The Companies Regulations, Regulation 29 have a similar, but not exactly the same, definition for a reportable irregularity to be reported by an independent reviewer. A RI means any act or omission committed by any person responsible for management of a company, which-

unlawfully has caused or is likely to cause or is likely to cause material financial loss to the company or to any member, shareholder, creditor or investor of the company in respect of his, her or its dealing with the entity; or

is fraudulent or amounts to theft; or

causes or had caused the company to trade under insolvent circumstances

The Companies Act requires in section 30(1) that the annual financial statements of companies must be prepared within six months after year end. Section 30(3) of the Companies Act then states that the annual financial statements must include an auditor’s report if the statements are audited.

In practice in many instances the annual financial statements, including the audit or review report, is not completed within six months due to a variety of reasons.

The question has arisen whether the fact that the annual financial statements are not completed within six months is a reportable irregularity that must be reported in terms of section 45 of the APA to IRBA or Regulation 29 of the Companies Act to CIPC.

UNFORTUNATELY THERE IS NO STANDARD ANSWER TO THIS QUESTION.

The guidance available to registered auditors is the guide. Reportable irregularities: A Guide for Registered Auditors, issued by IRBA. The Reportable irregularities Guide does contain the principles that auditors should consider when they are evaluating whether the fact that annual financial statements are not completed within six months is a reportable irregularity or not. As there is no other guidance available to independent reviewers they can possibly consider the IRBA guidance or they will have to take a decision on what principles will be considered in making this decision.

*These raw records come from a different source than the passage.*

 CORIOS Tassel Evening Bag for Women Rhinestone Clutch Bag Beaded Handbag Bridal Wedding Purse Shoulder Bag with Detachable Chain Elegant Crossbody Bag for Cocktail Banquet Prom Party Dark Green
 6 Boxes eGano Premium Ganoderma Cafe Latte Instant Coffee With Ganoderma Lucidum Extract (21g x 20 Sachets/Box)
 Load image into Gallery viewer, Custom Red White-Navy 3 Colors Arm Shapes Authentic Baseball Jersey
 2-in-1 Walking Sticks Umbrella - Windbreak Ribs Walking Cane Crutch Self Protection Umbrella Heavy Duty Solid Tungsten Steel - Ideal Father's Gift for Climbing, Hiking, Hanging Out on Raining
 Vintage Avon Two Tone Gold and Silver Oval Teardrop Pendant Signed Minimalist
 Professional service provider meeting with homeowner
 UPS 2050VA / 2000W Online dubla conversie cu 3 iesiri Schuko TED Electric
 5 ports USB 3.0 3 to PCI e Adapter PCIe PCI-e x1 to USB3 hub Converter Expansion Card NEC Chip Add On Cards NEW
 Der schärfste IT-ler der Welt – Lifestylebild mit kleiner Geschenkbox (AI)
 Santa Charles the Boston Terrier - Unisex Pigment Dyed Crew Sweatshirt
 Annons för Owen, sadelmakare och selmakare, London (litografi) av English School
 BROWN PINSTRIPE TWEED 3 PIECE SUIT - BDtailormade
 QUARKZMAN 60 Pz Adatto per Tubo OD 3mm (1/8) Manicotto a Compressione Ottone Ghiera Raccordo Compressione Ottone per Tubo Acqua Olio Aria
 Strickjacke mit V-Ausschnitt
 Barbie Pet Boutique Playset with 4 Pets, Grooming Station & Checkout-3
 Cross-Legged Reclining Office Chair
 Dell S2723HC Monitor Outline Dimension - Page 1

Where the annual financial statements are not completed within six months, an auditor or independent reviewer will be required to consider if the relevant definition of an RI is met, which will depend on the specific situation that the company is facing and that the auditor or independent reviewer identifies.

Auditors/independent reviewers must ensure that they document the process that they follow in considering whether they believe the fact that the annual financial statements is not completed within six months is a reportable irregularity or not. This documentation will be crucial should the decision by the auditor/independent reviewers ever be investigated or questioned.